Secret (temps 2) – Johann Le Guillerm se joue de l’attraction
Johann Le Guillerm offre un dernier tour de piste à La Villette de son spectacle déjà culte, Secret (temps 2). Une ultime série d’un projet amorcé il y a 16 ans – et qui va se prolonger – sur le thème de l’Attraction, celle du corps et des objets, comme un « work in progress » sans cesse renouvelé. Tout à la fois funambule, clown, acrobate, prestidigitateur, comédien, Johann Le Guillerm nous emmène dans son univers singulier, composé de drôles de machines où l’artiste exerce une science virtuose de la physique de l’équilibre, composant des mécanos qu’il escalade à mesure qu’il les construit. Secret (temps 2) développe un art du mouvement où se conjuguent force et fragilité du corps et de la matière.

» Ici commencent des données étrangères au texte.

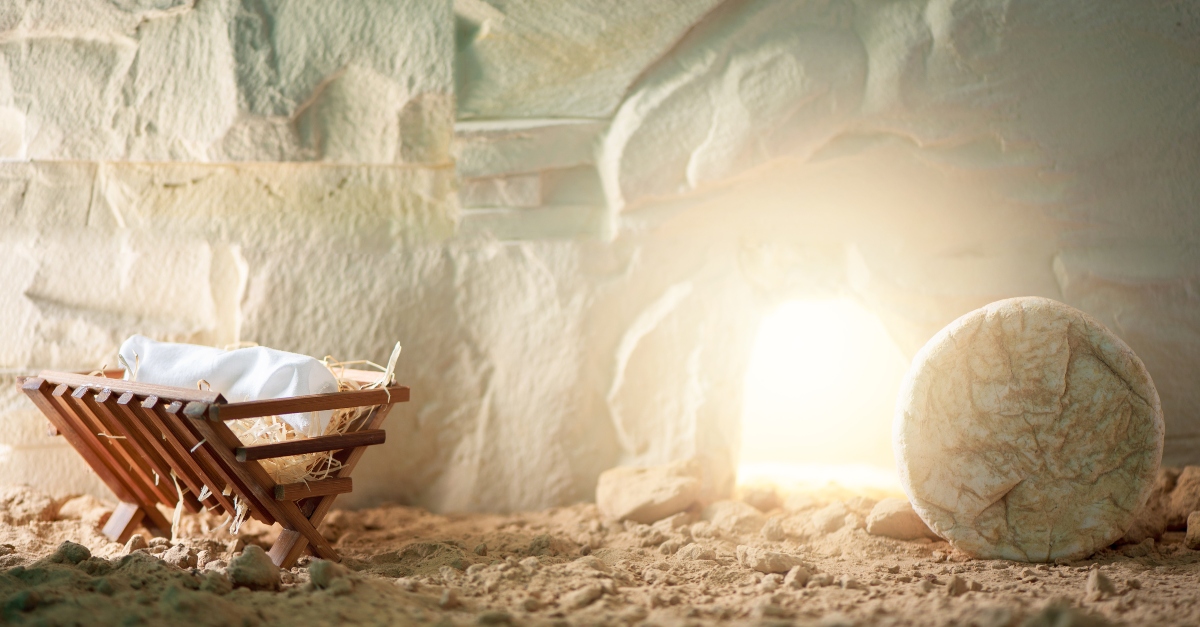 Jesus manger sitting next to the empty tomb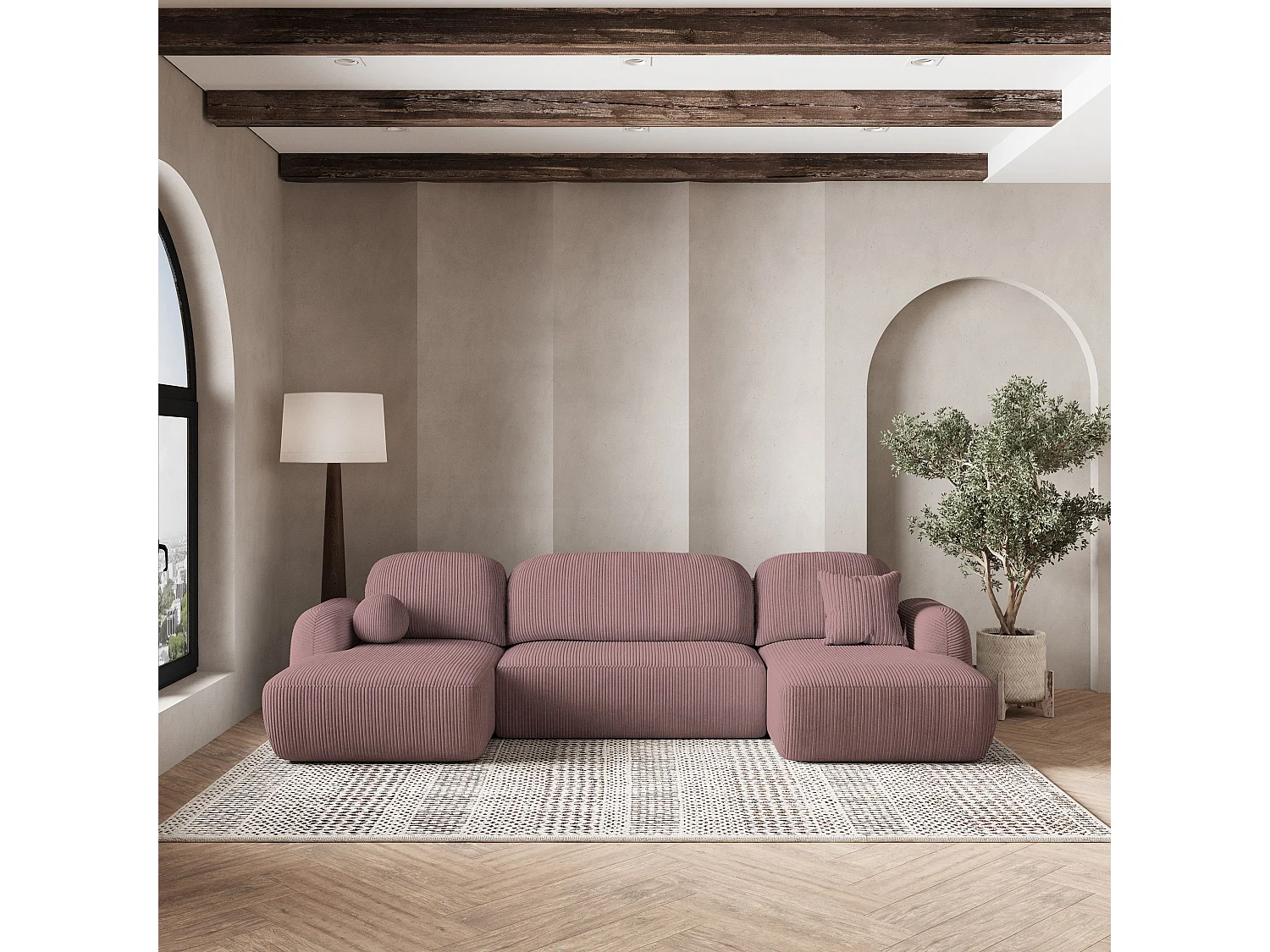 Canapé d'angle SAVONA Parme en velours côtelé avec fonction de couchage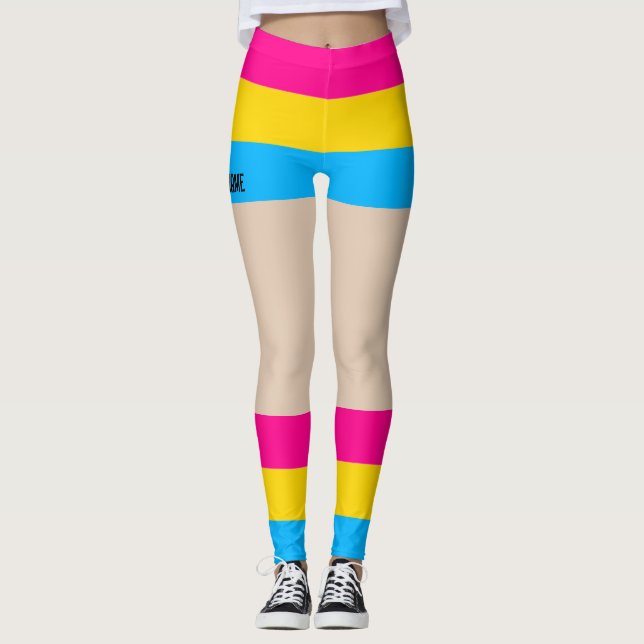 Pansexual Pride Faux Kort & Ben Leggings (Framsida)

On avait laissé Johann Le Guillerm la saison dernière au 104 en complet veston, juché sur un drôle de triporteur pour un spectacle parlant, conférence loufoque intitulée Le Pas Grand Chose, sommet de l’absurde et du détournement des objets, des mots ou des chiffres.Secret (temps 2), à l’inverse, se joue sans paroles mais en musique, sur une partition électronique créée par Thomas Belhom et interprétée en direct par Alexandre Piques. Johann Le Guillerm a troqué son costume pour un pantalon qui l’enserre jusqu’à la poitrine. Autre univers, autre aspect. Mais dès que l’artiste parait sur la piste, on reconnait instantanément sa silhouette et sa longue tresse de cheveux. Son personnage est ainsi comme un fil rouge de spectacle en spectacle.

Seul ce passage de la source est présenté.